US Ambassador David Friedman told The
Jerusalem Post last month that he was “fairly confident” the plan would be
rolled out in 2019.
He also said that the administration wanted to wait until after a government
was formed so that there would be a government in place able to deal with the
plan.
“We would
like to deal with a formed government, so they are in a position to react and
respond and talk to us about it,” he said, adding, “I think we will respect the
Israeli democratic process through the coalition formation.”
Friedman’s assumption at the time, however, seemed to be that a government
would be formed and that Israel would not need to hold yet another election. If Israel goes to third elections, it is
not clear whether the US would continue holding off releasing the plan until a
government is formed. – something that could last until the late spring of 2020.
By that time the US would be in full campaign swing, and releasing the plan
then would make it a hot issue in the campaign – something it is questionable
whether the administration would want to do.

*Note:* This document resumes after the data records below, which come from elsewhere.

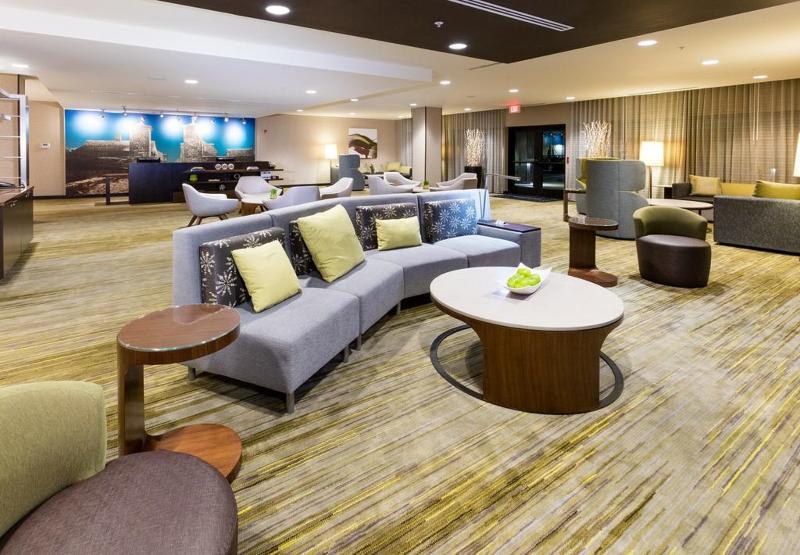 Courtyard By Marriott St. Augustine I-95 Hotel Exterior photo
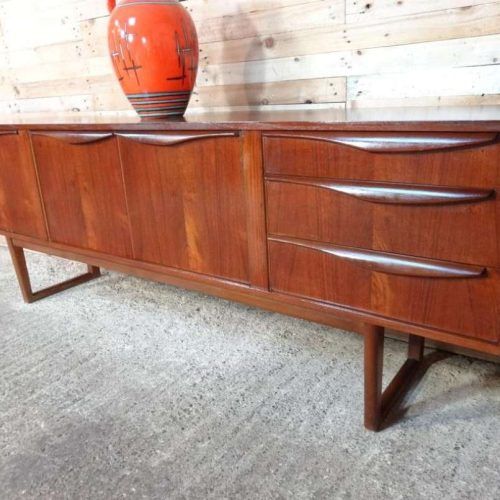 7 Foot Sideboards (Photo 11 of 20)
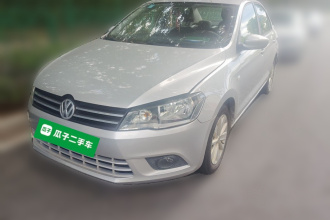 大众 捷达 2013款 1.6L 自动舒适型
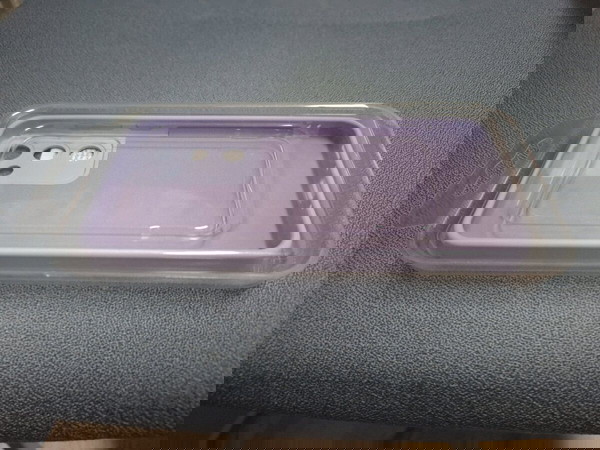 Αυθεντική θήκη για Samsung A35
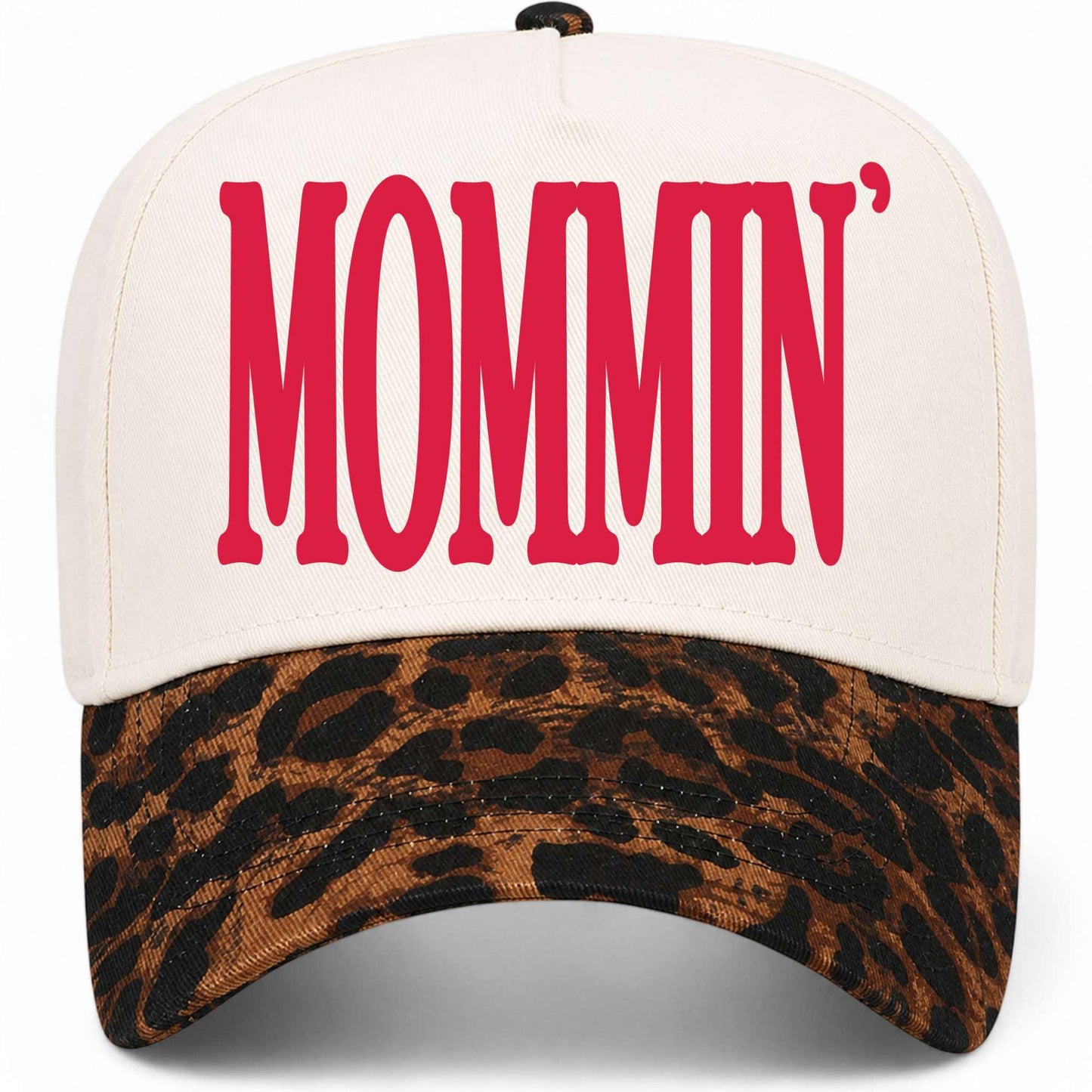 Mommin' Serif Hat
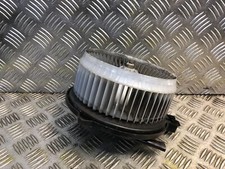 LEXUS GS 300 Heater Blower Fan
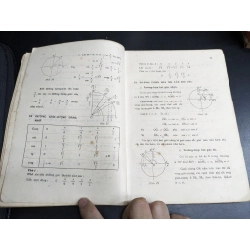 Lượng Giác học Đệ Nhị A, B - Nguyễn Văn Phú 396064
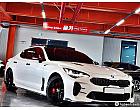 기아 스팅어 3.3 터보 AWD GT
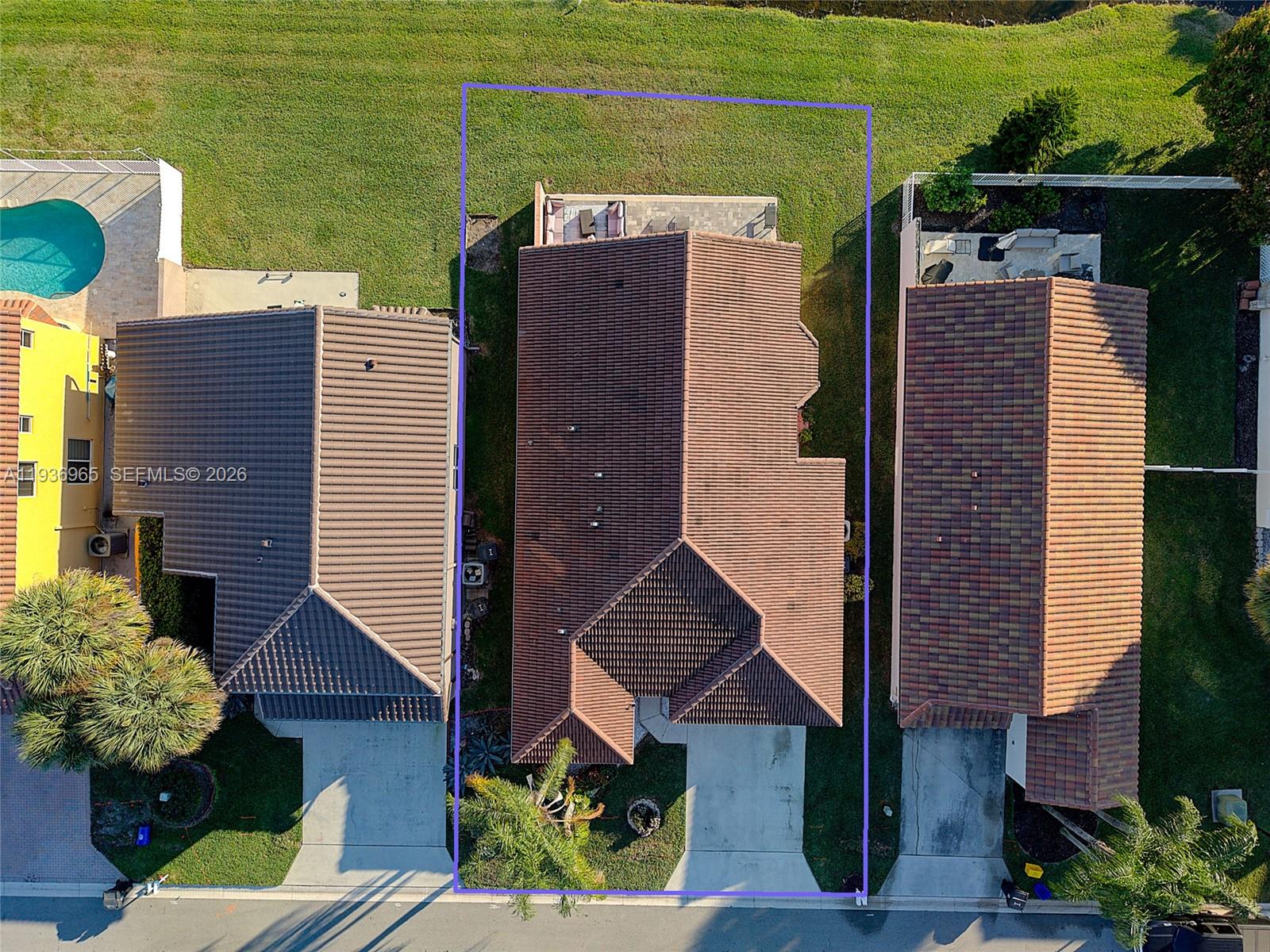 BALMORAL COUNTRY CLUB LAC - Residential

The plan, which has been rejected by the Palestinians sight unseen, and mocked
by numerous pundits and former officials involved in the Mideast diplomatic
process, received some support on Sunday from an unlikely quarter: former
French ambassador to Israel and then to the US Gérard Araud.
Araud, who caused a kerfuffle in April by stating that Israel was an apartheid
state, a comment he latter walked back, penned an op-ed for the Lebanon’s Daily
Star on Sunday stating that US Presdient Donald Trump’s model of “proposing an
agreement instead of merely trying to broker one between the two sides” could
be the right move and “establish a model for his successors to
follow.”
Araud wrote that previous US diplomatic efforts have always aimed to lead the
two sides to negotiate a deal themselves under US auspices. Trump’s new
approach, he wrote, is to unveil a
detailed peace plan, which he said is “not necessarily a bad idea, because
both sides seem incapable of moving forward on their own.
“Kushner’s plan is now ready. It is 50
pages long, he told me a few months ago,” Araud wrote. “Although the plan’s contents are a well-kept secret,
they are likely to be close to Israel’s position. The US proposal might,
therefore, offer the Palestinians a large degree of autonomy rather than a
full-fledged state, and maintain most of the Israeli settlements in the West
Bank.”
Araud, who served in Israel from 2003-2006, wrote that the Palestinians “face a
choice between an unsatisfactory compromise and a continuous (and soon
irreversible) deterioration of their situation. Perhaps
they will conclude that taking a deal will be a good first step.
That, at least, is the calculation of Kushner, who repeatedly says that his
plan will be ‘better for the Palestinians than they think’.”
Araud wrote that whatever Trump decides to do regarding the plan, “one thing is
clear: Israel and the Palestinians are unable
to reach a peace agreement by themselves, as even Israel’s most ardent US
supporters now acknowledge. Any subsequent attempt to mediate the conflict will
have to be based on recognition of that reality.”